Cool hiking blog action
Sunday, January 17th, 2010One of our regulars in the Trailspace Forums is a veteran backpacker who posts under the handle Tipi Walter — so called because he lived in a tipi he built himself a mile from the nearest road high in the mountains of Western North Carolina. Stories of the tipi and other accounts taken from decades of trail journals have been posted at this blog. One choice nugget from the pre-tipi years:
THE DOG
For many months I’d go to sleep there and in the middle of the night a stray black dog would curl up next to me and sleep. By morning at the crack of dawn he was gone. We were friends and we didn’t even know it. I miss that fellow.
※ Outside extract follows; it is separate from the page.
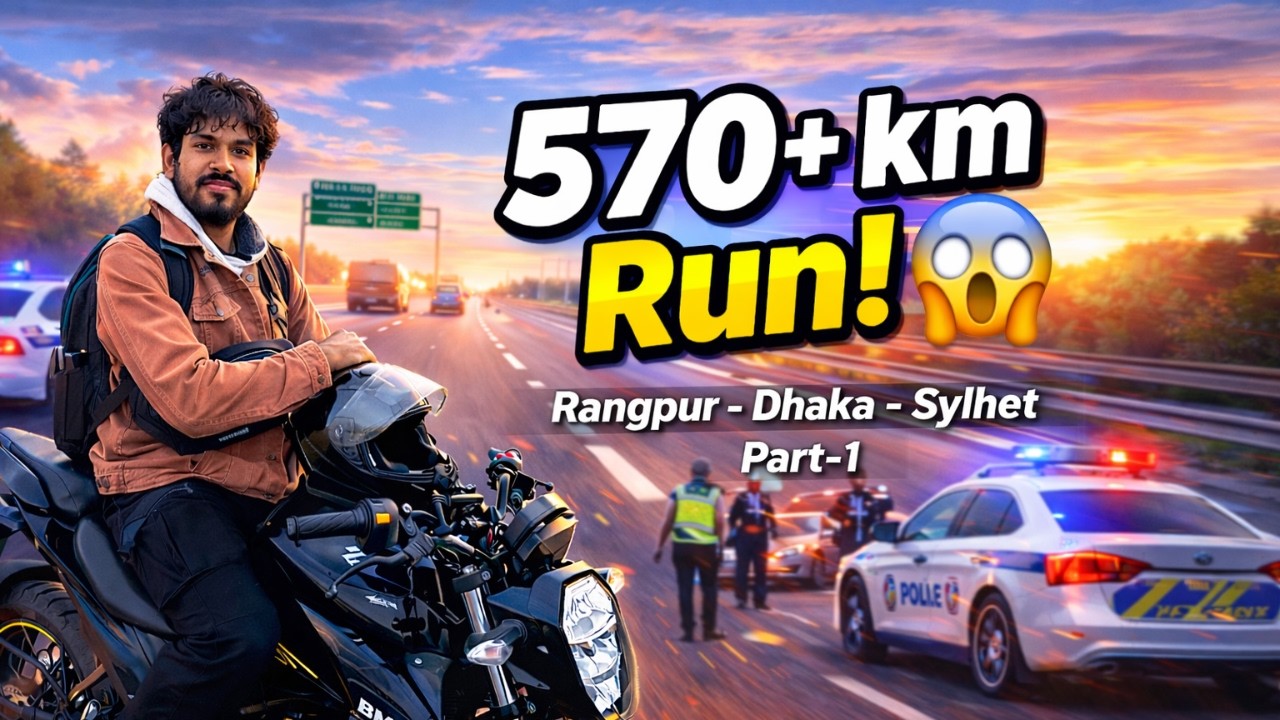 Rangpur to Sylhet in One Ride! 570+ KM Journey 😱 | রংপুর থেকে সিলেট |জীবনের সবচেয়ে লং জার্নি 🇧🇩 | LR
Walter has lived our Walter Mitty fantasies of chucking all the crap and heading to the woods. He’s also gone on more than a hundred multi-night outings dutifully recorded at his TrailJournals account. One day on the Benton MacKaye Trail with his girlfriend, trailname Little Mitten:
Finally after miles the trail left the creek and became a real trail and then it was hard hiking on rocks, rocks everywhere. This part was in many ways the hardest part, trying to make time but all body parts screaming, knees bleeding and calves knotted up, arms tired and the back burning.
Mitten stumbles and falls, cheeks turn red and burning, eyes bulging out and lips seething, shouts floating on the wind going nowhere. Her walking stick is flailed against rock, a broken wish to destroy all things natural and yet she goes on, biting the bullet. We go down on the right side of the creek and there are a thousand rocks to step over. I move fast because I want to camp, to simply hear the big creek and cook and camp.
We slow down and trip, I in my own way am in ecstacy. Backpackers of all people will understand. As we continue down I am looking for an old car engine block sitting in the middle of the trail, I know once I find it we are getting closer. I see it and sit down to rest, Mitten is far back and seeing red. All is well in the Citico Wilderness.
Walter’s last wild outing concluded around New Year’s, a 15-night outing characterized by ruinous cold and tent-bending snow.
Now that’s hiking, folks.
Another one finds Carolina…
I happened upon another recent addition to North Carolina’ hiking-blogging roster, one Jenny Bennett, who moved to the mountain town of Brevard in the fall of 2009. No telling what you’ll find here (Jenny’s also an authority on the Boer War), but chances are it’ll always be worth a look.